## HOW TO COMPLETE THIS TASK
Copy exactly. Begin at the line containing "Manisa'da okul yakınındaki" and stop at the last line of the entries, omitting any pictures.

Image-text web data
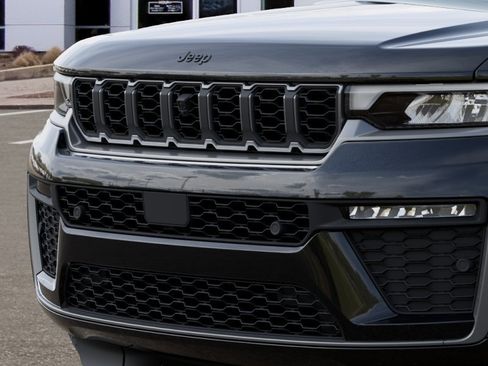 New 2026 Jeep Grand Cherokee Limited Reserve AWD/4WD image 11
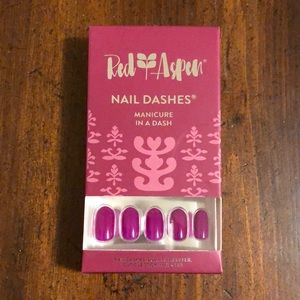 Red Aspen Nail Dashes Desert Halle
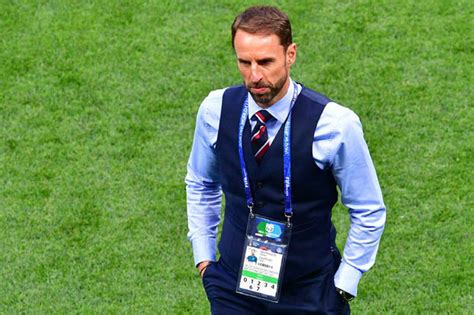 Gareth Southgate waistcoat: England fans in EPIC World Cup tribute to ...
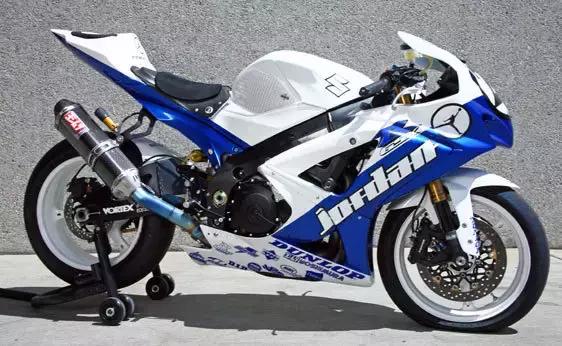 undefeated联名aj4复刻,近日aj4复刻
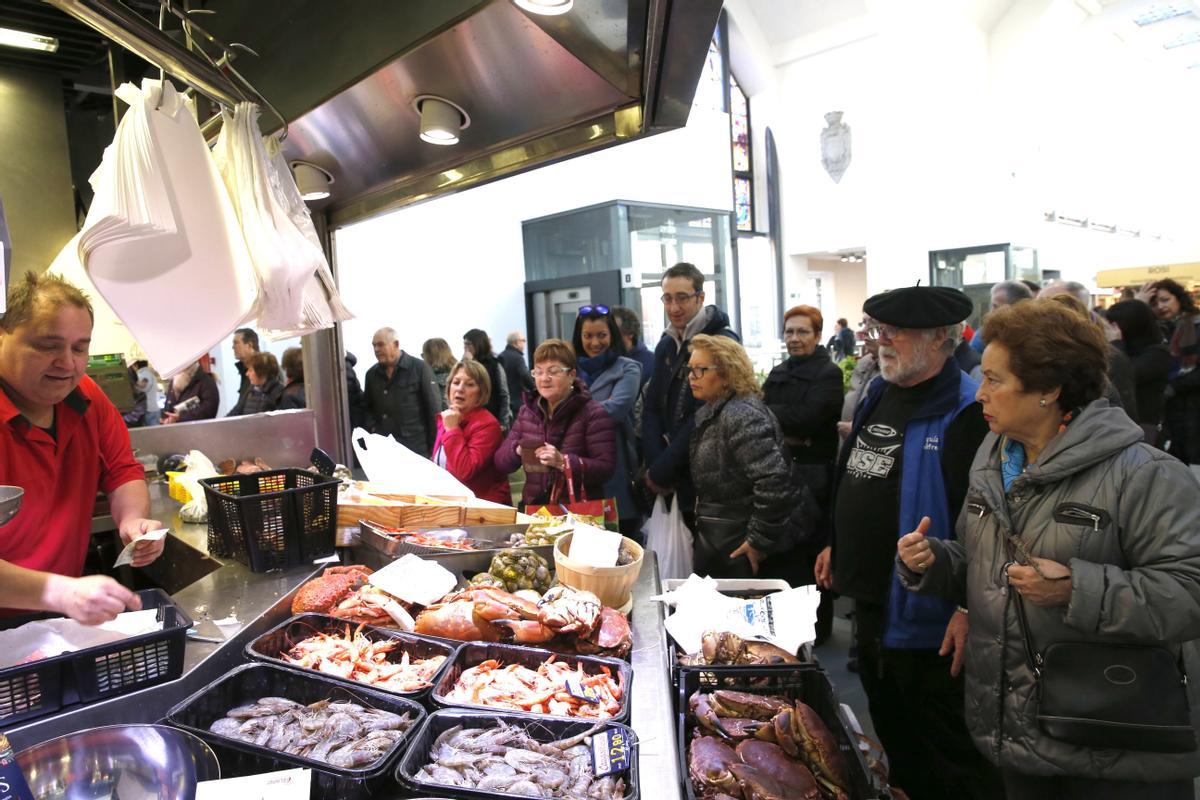 Imagen de archivo de compradores en un mercado. EFE/Luis Tejido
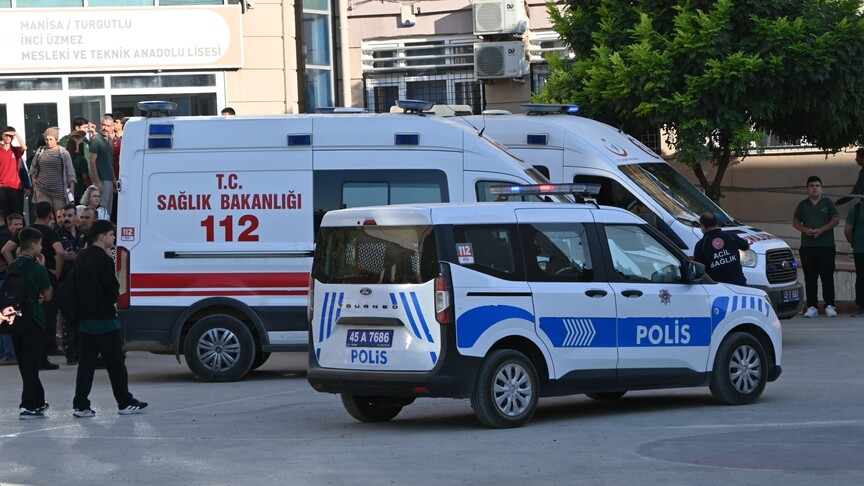 Manisa'da okul yakınındaki saldırıda gözaltına alınan 10 şüpheli adliyede
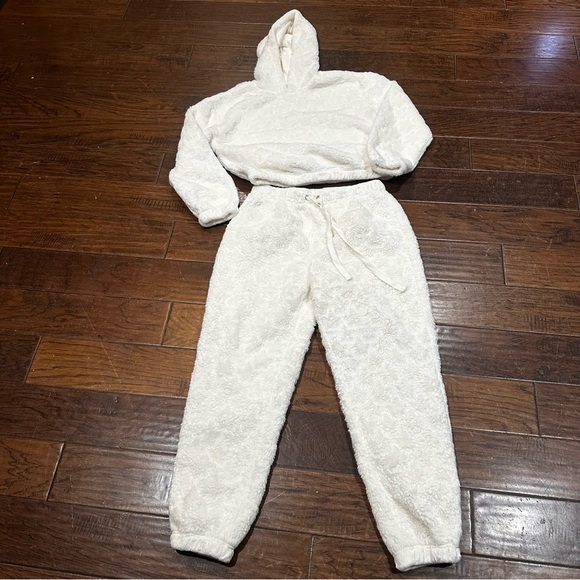 No Boundaries Pants - No Boundaries‎ Soft Cream Fleece Coord Womens size 4-6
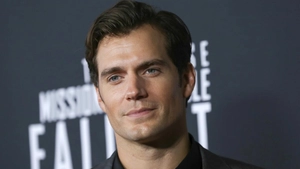 Ngôi sao Henry Cavill tham gia dàn diễn viên "Voltron" live-action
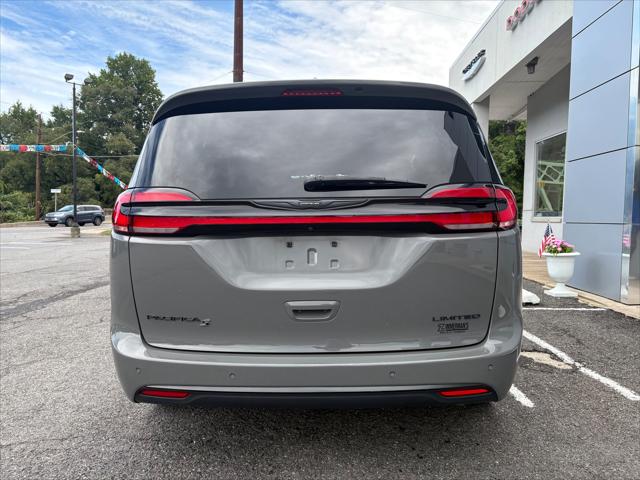 2025 Chrysler Pacifica Limited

## TASK RESULT
 Manisa'da okul yakınındaki saldırıda gözaltına alınan 10 şüpheli adliyede
 No Boundaries Pants - No Boundaries‎ Soft Cream Fleece Coord Womens size 4-6
 Ngôi sao Henry Cavill tham gia dàn diễn viên "Voltron" live-action
 2025 Chrysler Pacifica Limited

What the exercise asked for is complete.